The present invention relates to a pharmaceutical composition for treating a cartilage damage-associated disease, comprising hyaluronic acid and stem cells.
Degenerative arthritis is a disease in which due to gradual damage of and degenerative changes in the cartilage that protects the joint, the bones, ligaments, and the like which make up the joint are damaged to cause inflammation and pain. Hyaluronic acid (HA), which is used as one of drug therapy regimens for degenerative arthritis, is a component of the matrix in the joint cartilage and is a type of mucopolysaccharide involved in making proteoglycans. Currently, sodium hyaluronate (HYRURAN®) is being used to regenerate joint cartilage.
In addition, as researches on stem cells became active after the 2000s, a study has been conducted in which hyaluronic acid at a concentration of 0.5% is mixed with bone marrow or adipose-derived mesenchymal stem cells and administered to an osteoarthritis model (Alexander Mathiessen et al., Arthritis Research & Therapy., 19:18, 2017; Éva Kriston-Pál et al., The Canadian Journal of Veterinary Research., 81:73-78, 2017).
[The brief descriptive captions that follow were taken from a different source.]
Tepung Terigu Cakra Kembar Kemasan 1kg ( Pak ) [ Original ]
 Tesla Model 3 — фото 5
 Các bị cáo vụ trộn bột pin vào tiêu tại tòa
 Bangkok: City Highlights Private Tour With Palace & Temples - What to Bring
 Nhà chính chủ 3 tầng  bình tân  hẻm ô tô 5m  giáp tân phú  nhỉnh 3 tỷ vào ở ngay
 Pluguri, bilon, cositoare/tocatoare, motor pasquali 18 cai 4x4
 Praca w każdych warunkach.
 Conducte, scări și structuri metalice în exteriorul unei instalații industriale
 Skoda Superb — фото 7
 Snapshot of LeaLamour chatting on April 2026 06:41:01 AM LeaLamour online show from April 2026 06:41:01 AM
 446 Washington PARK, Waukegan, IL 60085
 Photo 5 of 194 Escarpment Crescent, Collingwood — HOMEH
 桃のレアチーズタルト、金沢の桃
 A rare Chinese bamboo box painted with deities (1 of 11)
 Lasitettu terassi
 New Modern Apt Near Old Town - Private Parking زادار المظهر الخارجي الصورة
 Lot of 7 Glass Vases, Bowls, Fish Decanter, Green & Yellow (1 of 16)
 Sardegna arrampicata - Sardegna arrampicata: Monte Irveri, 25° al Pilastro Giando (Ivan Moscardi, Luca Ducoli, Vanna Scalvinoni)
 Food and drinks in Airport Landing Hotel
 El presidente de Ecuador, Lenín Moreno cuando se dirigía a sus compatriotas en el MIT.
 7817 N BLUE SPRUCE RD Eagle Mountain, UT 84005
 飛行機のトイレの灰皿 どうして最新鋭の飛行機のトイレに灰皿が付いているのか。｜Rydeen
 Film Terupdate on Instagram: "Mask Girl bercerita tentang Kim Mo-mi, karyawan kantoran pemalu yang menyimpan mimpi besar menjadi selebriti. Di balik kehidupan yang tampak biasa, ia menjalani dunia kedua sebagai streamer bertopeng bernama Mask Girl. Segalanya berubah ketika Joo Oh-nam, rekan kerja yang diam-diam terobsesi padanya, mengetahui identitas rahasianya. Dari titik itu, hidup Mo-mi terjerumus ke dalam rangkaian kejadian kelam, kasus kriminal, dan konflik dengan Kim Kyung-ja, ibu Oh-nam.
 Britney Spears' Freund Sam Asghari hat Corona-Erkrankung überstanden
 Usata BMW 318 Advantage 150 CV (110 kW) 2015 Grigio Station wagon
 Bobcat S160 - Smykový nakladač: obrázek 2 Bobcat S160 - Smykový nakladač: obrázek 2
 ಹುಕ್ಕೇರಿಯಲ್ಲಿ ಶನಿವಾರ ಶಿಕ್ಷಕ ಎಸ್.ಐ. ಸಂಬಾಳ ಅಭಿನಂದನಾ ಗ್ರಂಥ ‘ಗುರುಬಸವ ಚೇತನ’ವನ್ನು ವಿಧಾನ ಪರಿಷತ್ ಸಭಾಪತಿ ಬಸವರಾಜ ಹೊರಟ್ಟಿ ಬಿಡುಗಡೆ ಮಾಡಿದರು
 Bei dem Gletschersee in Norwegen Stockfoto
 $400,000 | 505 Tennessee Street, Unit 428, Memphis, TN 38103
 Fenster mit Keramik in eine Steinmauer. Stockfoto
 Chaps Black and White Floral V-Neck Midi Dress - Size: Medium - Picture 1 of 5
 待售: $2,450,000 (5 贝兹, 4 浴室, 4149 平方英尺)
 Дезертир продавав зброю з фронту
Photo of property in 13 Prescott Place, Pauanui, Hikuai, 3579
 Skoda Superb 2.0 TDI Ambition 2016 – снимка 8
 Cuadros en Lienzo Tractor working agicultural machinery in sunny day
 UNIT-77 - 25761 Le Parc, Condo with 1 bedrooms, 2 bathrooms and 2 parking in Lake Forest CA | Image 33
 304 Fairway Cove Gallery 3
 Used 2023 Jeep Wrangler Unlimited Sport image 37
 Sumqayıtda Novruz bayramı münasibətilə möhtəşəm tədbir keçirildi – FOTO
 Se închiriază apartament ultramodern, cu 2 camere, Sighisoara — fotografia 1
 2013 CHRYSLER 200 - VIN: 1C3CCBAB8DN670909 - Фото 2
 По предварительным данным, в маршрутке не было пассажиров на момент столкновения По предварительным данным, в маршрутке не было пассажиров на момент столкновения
Furthermore, mesenchymal stem cells and hyaluronic acid are used in surgery in such a manner that the mesenchymal stem cells are mixed with hyaluronic acid of a concentration of 4% and the mixture is filled into a damaged cartilage area. However, intraarticular administration of sodium hyaluronate may be accompanied by adverse effects such as hypersensitivity reaction, temporary pain, swelling, and heat sensation (The Journal of the Korean Pain Society, 2004. 17. 170-174). In addition, hyaluronic acid of a concentration of 4% has a disadvantage in that such a concentration is relatively high and thus causes inconvenience for the hyaluronic acid to be used as an injection formulation.
Therefore, regarding treatment of arthritis using hyaluronic acid and stem cells, there is a need for continuous research on an optimized treatment method.
The present inventors have conducted intensive studies to find a method for effectively treating a cartilage damage-related disease using hyaluronic acid and mesenchymal stem cells. As a result, the present inventors have identified that for osteoarthritis-induced rats, an excellent therapeutic effect on arthritis is observed in a case where hyaluronic acid is first administered followed by administration of mesenchymal stem cells, as compared with a case where hyaluronic acid and mesenchymal stem cells are administered in admixture; and thus have completed the present invention.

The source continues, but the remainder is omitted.